Here is my rough thoughts on the matter

I think we could absolutely store arbitrary stuff as serialized blobs, I expect we'll need to regardless. It's not unreasonable to do it for an automerge document, however there are several nuances to consider:

Every change will be a conflict as in two concurrent updates will produce two CRDT docs that are different so retracting old and writing new is not going to pan out.
We could potentially do compare and swap (CAS) operations that reject assertion if retraction is outdated.
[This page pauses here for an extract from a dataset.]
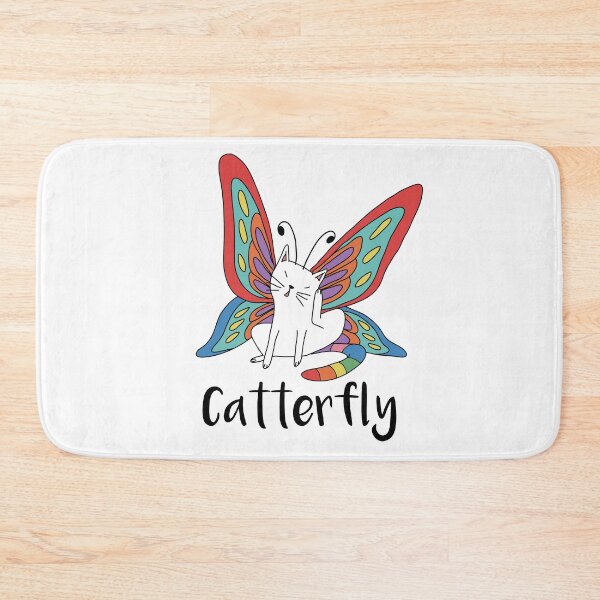 Item preview, Cute Catterfly Cat Butterfly Pun designed and sold by Freid.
This is going to prevent unintentional overwrites, and not really in eventual consistency settings, but probably better than not have it.
Yet another alternative could be to for each actor to write own op-log and merge at the edge, but I'm not sure if that would fit right in or some of the storage will need to be altered (If I recall correctly automerge's binary format lumped everyones changes together).
We could also potentially support custom merge system e.g. if we want automerge we could express somehow that assertion is not compare & swap but rather merge. This is probably most promising out of above options
- ⚠️ however it would likely affect sync in not so pleasant way.
This does raise some interesting questions around indexing and what one would except there ? My general suggestion is treat triple store as an index, that is index data locally in terms of derived triples and transact those. Storing actual data separately (e.g. in S3 like thing) is probably a better anyway. That would provide faster (index) sync and on-demand reads from things that cache well.
- However index locally is probably not going to pan out as local replicas diverge and will end up with conflicting indexes.
- Perhaps this is where deriving index at DB would make more sense
Finally I think CRDTs natively with Datalog seems a lot more promising, but admittedly more complicated.